Although one embodiment of the present invention has been described above, the present invention is not limited to the above-described embodiment, and various other modifications can be made within the technical idea of the present invention. For example, in the above-described embodiment, the case where the base plate of the semiconductor module is divided into three is described. However, the base plate may be divided into other parts. Also, the dividing direction may be not only the horizontal direction but also the vertical direction. Furthermore, in the above-described embodiment, a description has been given of a non-insulated semiconductor module as an example, but the present invention may be applied to an insulated semiconductor module. Also,
Although a MOSFET has been described as an example of a semiconductor chip, a bipolar transistor, a thyristor,
It may be a GBT (insulated gate bipolar transistor) or the like.

[0032]

As described above, according to the present invention,
By dividing the base plate of the semiconductor module, it becomes possible to operate the semiconductor devices provided on each base plate independently while accommodating a plurality of semiconductor devices in the same package. Without changing, the current rating of the semiconductor module can be easily changed.

Further, according to one aspect of the present invention, the drive terminal and the large current terminal of the semiconductor module are separately provided for each base plate, so that the connection state of the external terminals of the semiconductor module can be simply changed. Since it is possible to change the connection state of the semiconductor devices in the semiconductor module, it is possible to operate the semiconductor devices provided in the semiconductor module separately without changing the internal configuration of the semiconductor module, Can be simultaneously operated, and the current rating of the semiconductor module can be easily changed.

Further, according to one aspect of the present invention, a plurality of base plates can be handled integrally by connecting the respective base plates to each other via an insulating resin.
By simply mounting multiple semiconductor modules, it is possible to collectively mount multiple base plates.
There is no need to provide a mounting means for each base plate, and it is possible to save installation space.

[Brief description of the drawings]

FIG. 1A is a plan view showing an internal configuration of a semiconductor module according to one embodiment of the present invention, and FIG.
1A is a cross-sectional view taken along line AA ′, and FIG.
It is sectional drawing cut | disconnected by the BB 'line of (a).

FIG. 2 is a diagram showing an equivalent circuit of the semiconductor module of FIG. 1;

FIG. 3A is a perspective view illustrating an appearance of a semiconductor module according to an embodiment of the present invention, and FIG. 3B is a perspective view illustrating a connection method when the semiconductor module is used by changing its rated current. It is.

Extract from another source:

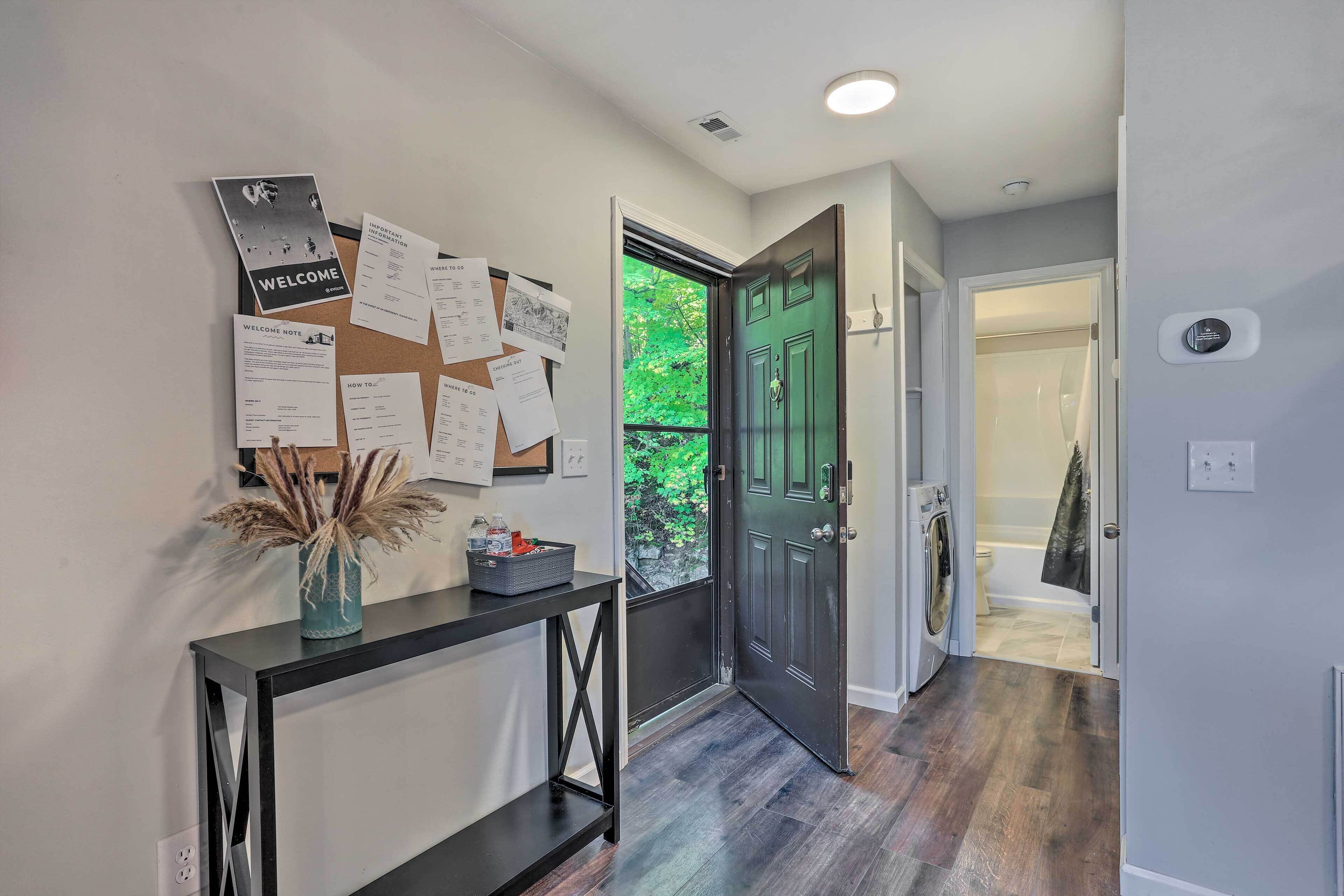 A hallway with a bulletin board, a welcome sign, and a door leading to a bathroom.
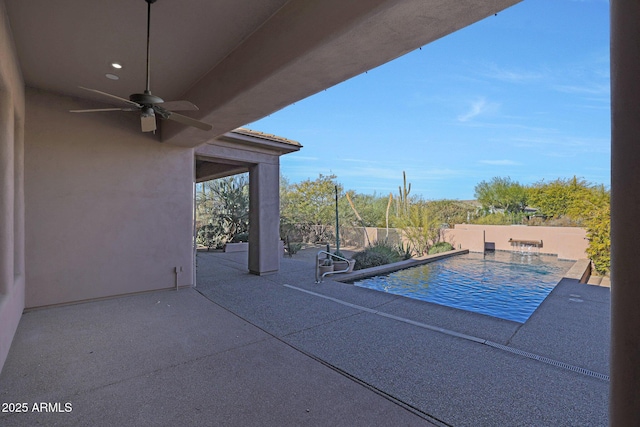 view of pool featuring ceiling fan and a patio area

FIG. 4 is a plan view showing a configuration of a conventional semiconductor module.

[Explanation of symbols]

 1a-1c Base plate 2a, 2b Insulating resin 3a-3d Mounting hole 4a-4c, 5a-5c Large current terminal 5a'-5c 'Lead plate 6a-6c, 7a-7c Drive terminal 6a'-6c', 7a '~ 7c' Lead pin 8a ~ 8n Semiconductor chip 9a ~ 9c Insulator 10a ~ 10c Wire wire M1 ~ M3 MOS transistor 11 Resin case 12,13 Copper bar 14a, 14b, 15a, 15b Lead wire

Claims (3)

[Claims] 1. A semiconductor device, wherein a plurality of base plates insulated from each other are provided on a semiconductor module. 2. The semiconductor device according to claim 1, wherein a drive terminal and a large current terminal of the semiconductor module are provided separately for each of the base plates. 3. The semiconductor device according to claim 1, wherein said base plates are connected to each other via an insulating resin.